_What is needed_. Repeat the data word for word, excluding every picture.

** The records follows **

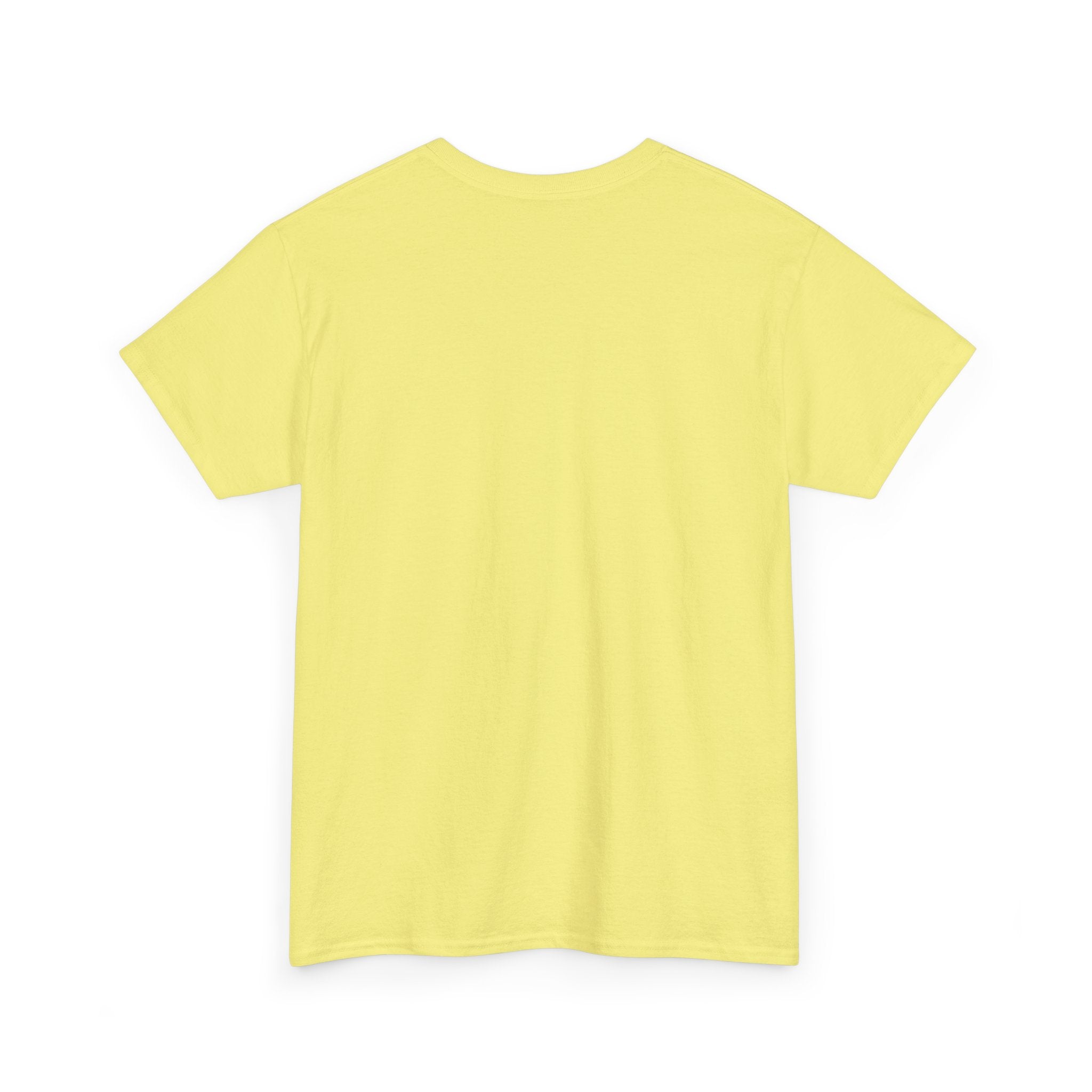 No Kings YAS Queens! Unisex 100% Cotton Tee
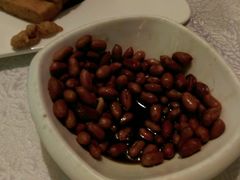 醋泡花生-盆满钵满·国家非遗传承(云台店)
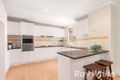 Property photo of 4/425 Station Street Box Hill VIC 3128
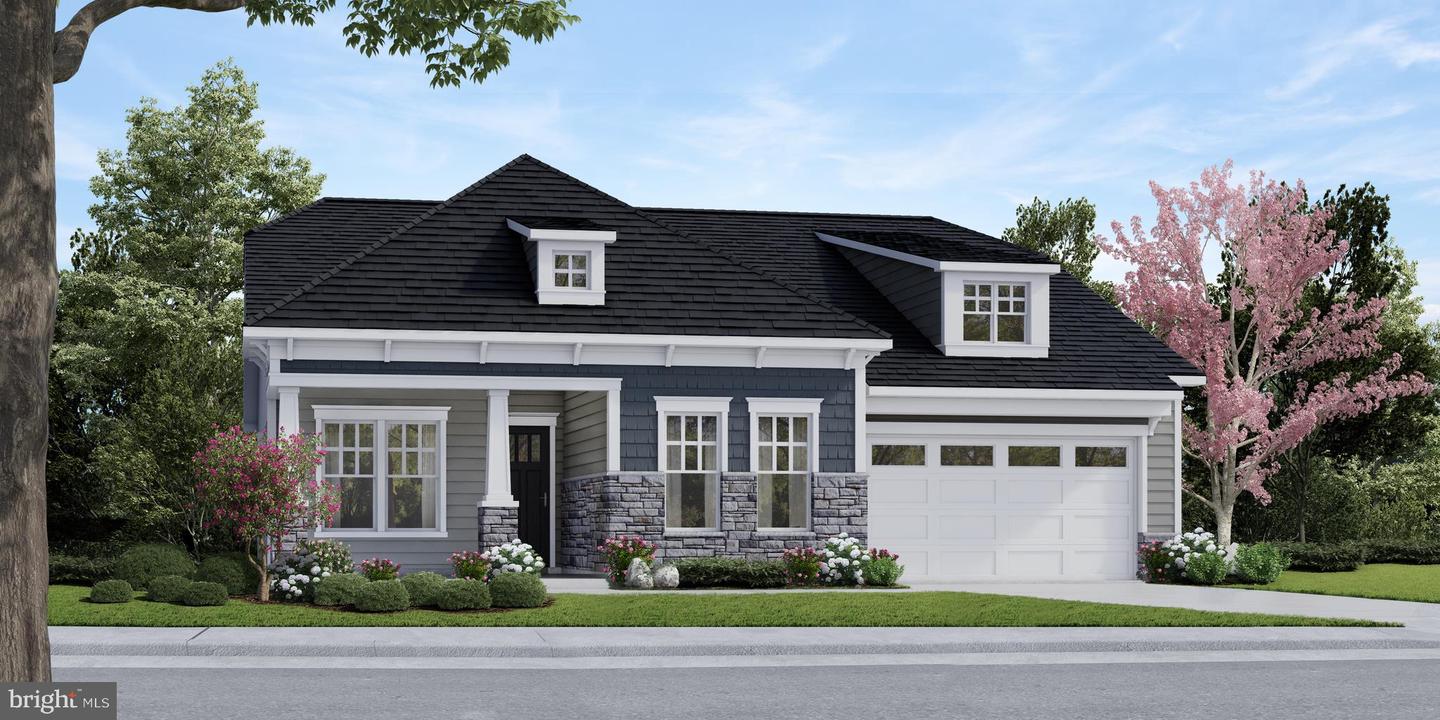 Tbd W Aster Way #haven Property Photo 12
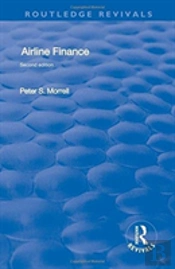 Airline Finance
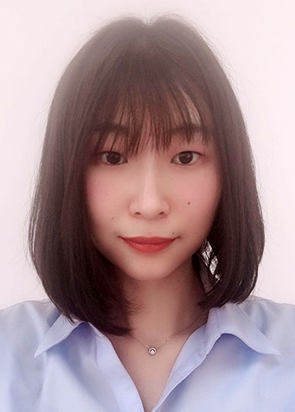 yuanyuan123的第二张照片--丽水相亲服务中心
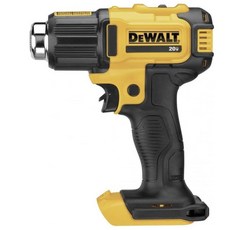 디월트무선히팅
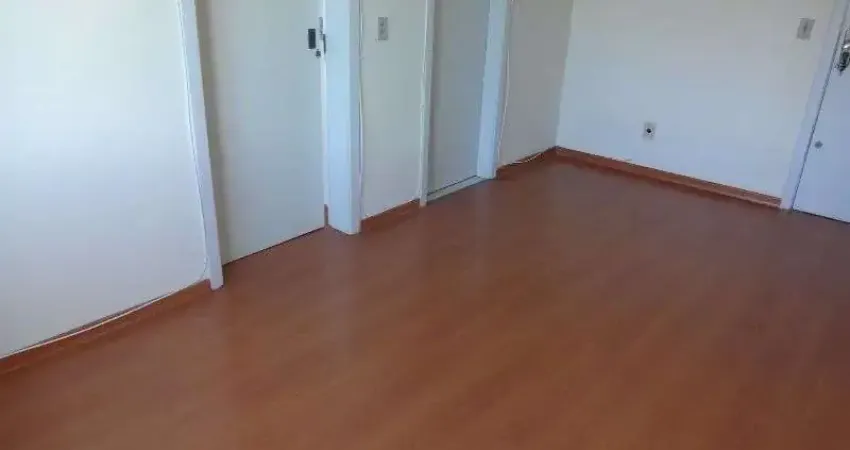 Apartamento com 1 quarto à venda na Rua Coronel Massot, 726, Cristal, Porto Alegre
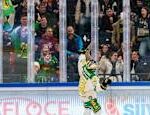 Jussi Taipales coaching debut brought a loss Ilves continued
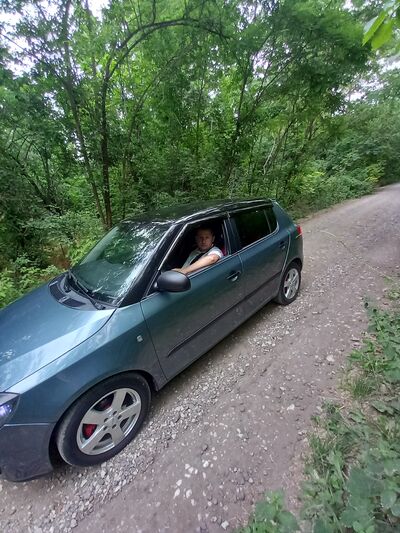  ,   Leonhart, 40 ,   ,   , c 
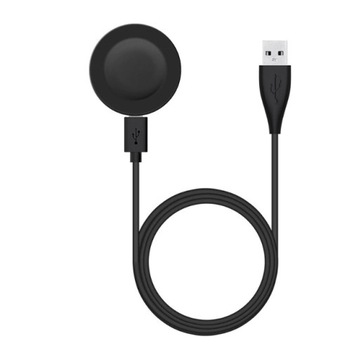 Ładowarka USB Kabel do Huawei Watch 3 / 3 Pro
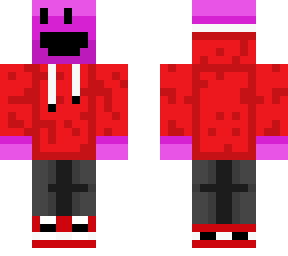 chrismckenzie (drip)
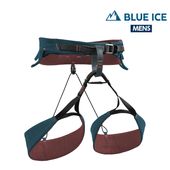 �֥롼������ BLUE ICE VISTA�ʥӥ����ˡڥ�󥺡�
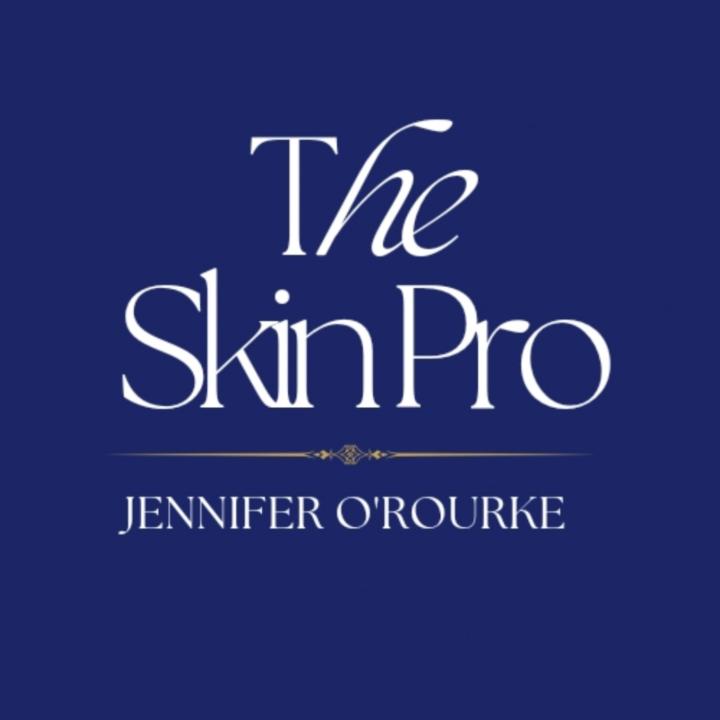 Jennifer O Rourke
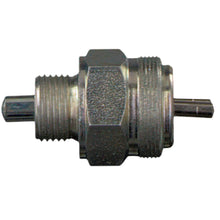 Load image into Gallery viewer, Cabin Transmission &amp; Differential Pressure Switch Fits DAF CF E6 MX-1 Febi 04369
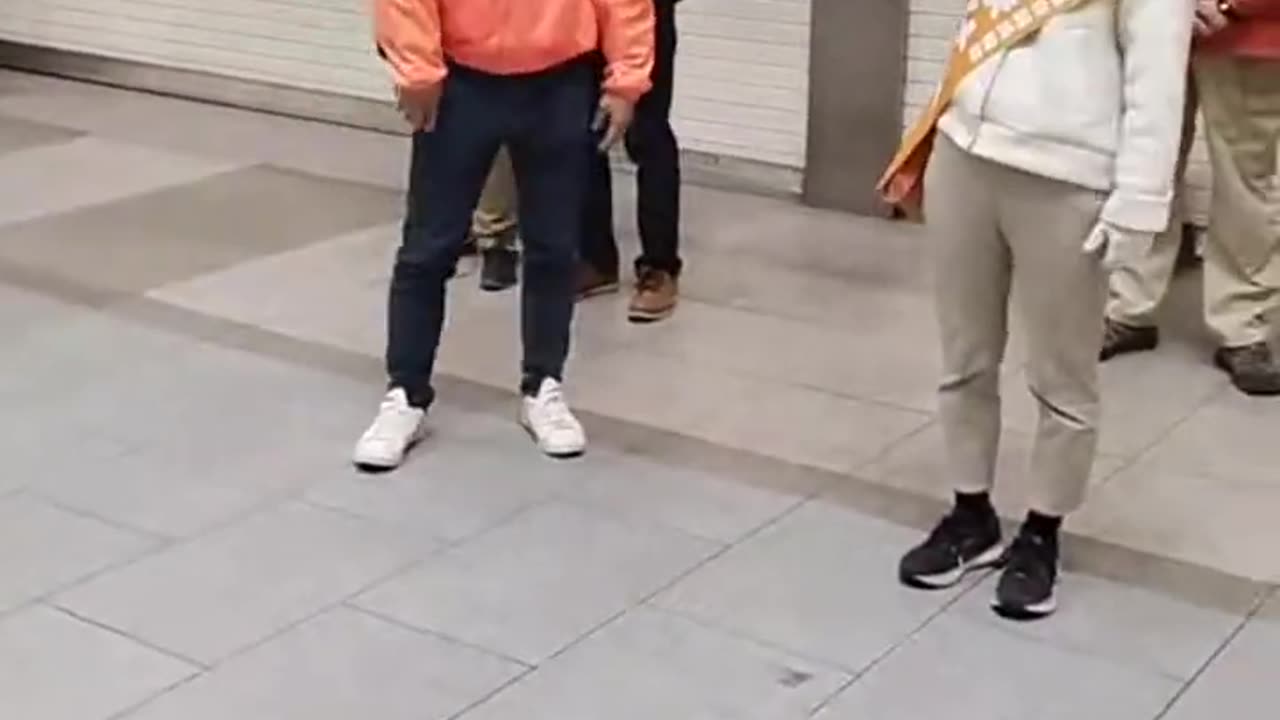 川越潘かとうみなこ2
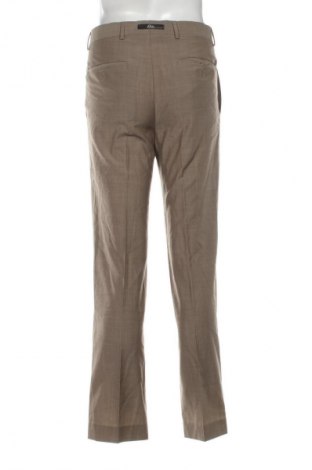 Ανδρικό παντελόνι S.Oliver, Μέγεθος M, Χρώμα  Μπέζ, Τιμή 14,99 €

** End of The records **

_Result below_.
 No Kings YAS Queens! Unisex 100% Cotton Tee
 醋泡花生-盆满钵满·国家非遗传承(云台店)
 Property photo of 4/425 Station Street Box Hill VIC 3128
 Tbd W Aster Way #haven Property Photo 12
 Airline Finance
 yuanyuan123的第二张照片--丽水相亲服务中心
 디월트무선히팅
 Apartamento com 1 quarto à venda na Rua Coronel Massot, 726, Cristal, Porto Alegre
 Jussi Taipales coaching debut brought a loss Ilves continued
  ,   Leonhart, 40 ,   ,   , c 
 Ładowarka USB Kabel do Huawei Watch 3 / 3 Pro
 chrismckenzie (drip)
 �֥롼������ BLUE ICE VISTA�ʥӥ����ˡڥ�󥺡�
 Jennifer O Rourke
 Load image into Gallery viewer, Cabin Transmission &amp; Differential Pressure Switch Fits DAF CF E6 MX-1 Febi 04369
 川越潘かとうみなこ2
 Ανδρικό παντελόνι S.Oliver, Μέγεθος M, Χρώμα  Μπέζ, Τιμή 14,99 €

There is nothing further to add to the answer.